– Мои родители познакомились на карнавале.
Я не хотела этого говорить, просто вырвалось.
Гас посмотрел на меня с непроницаемым выражением лица и неопределенно протянул:
– Да…
Я молча кивнула, твердо намереваясь оставить эту тему, но в последние несколько дней во мне что-то изменилось, и слова полились сами собой:
– Это было на первом курсе, в Университете штата Огайо.
– О, только не Университет штата Огайо, – поддразнил меня Гас.
У выходцев из штатов Мичиган и Огайо было серьезное соперничество, о котором я часто забывала из-за своего полного невежества в спорте. Папины братья с любовью называли его великим перебежчиком, и он дразнил меня тем же прозвищем, когда я выбрала Университет штата Мичиган.
– Да, тот самый, – подыграла я ему.
На несколько секунд мы погрузились в молчание.
– И так, университет, – подсказал Гас, – расскажи мне об этом.
– Нет, – ответила я, одарив его подозрительной улыбкой. – Ты же не хочешь этого слышать.
– По нашей договоренности я обязан узнать об этом, – сказал он. – Как же иначе я узнаю о рождении любви?
Боль пронзила мою грудь.
– Может, и расскажу, но не о своих родителях.
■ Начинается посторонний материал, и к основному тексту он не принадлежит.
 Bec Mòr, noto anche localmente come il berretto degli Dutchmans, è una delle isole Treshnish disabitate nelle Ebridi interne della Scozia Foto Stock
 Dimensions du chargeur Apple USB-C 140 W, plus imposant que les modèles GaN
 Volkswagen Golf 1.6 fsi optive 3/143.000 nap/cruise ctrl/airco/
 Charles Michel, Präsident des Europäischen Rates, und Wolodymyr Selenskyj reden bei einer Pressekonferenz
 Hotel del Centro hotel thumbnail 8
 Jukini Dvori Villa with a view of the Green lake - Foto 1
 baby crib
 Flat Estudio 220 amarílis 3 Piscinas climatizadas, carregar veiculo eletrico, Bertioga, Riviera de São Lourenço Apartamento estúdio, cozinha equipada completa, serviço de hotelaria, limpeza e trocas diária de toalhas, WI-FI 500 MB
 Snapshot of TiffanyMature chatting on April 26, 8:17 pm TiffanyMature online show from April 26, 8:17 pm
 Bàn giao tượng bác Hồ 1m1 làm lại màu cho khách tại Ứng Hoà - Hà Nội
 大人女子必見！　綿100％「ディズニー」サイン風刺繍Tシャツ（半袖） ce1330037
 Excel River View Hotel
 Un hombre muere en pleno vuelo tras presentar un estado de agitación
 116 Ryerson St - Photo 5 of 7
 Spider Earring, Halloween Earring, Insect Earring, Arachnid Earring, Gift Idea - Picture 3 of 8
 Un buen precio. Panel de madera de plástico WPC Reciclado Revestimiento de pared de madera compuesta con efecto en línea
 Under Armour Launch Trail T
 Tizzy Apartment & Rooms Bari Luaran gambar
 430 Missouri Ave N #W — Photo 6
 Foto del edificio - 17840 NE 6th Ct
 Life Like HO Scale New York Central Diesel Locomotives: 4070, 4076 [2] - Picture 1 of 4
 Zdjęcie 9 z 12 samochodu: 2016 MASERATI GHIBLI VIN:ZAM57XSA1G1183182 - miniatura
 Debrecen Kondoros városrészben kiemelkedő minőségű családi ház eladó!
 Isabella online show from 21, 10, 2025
Он изменял ей. Часто и много. Пока у нее был рак и она лечилась.
– Черт, – ругнулся Гас. – Это дерьмово.
– Сказал человек, который не верит в долгие отношения и потому не ходит на свидания.
Он провел рукой по своим и без того растрепанным волосам, оставляя их растрепанными. Его взгляд метнулся ко мне, потом снова на дорогу.
– Верность никогда не была моей проблемой, – наконец сказал Гас.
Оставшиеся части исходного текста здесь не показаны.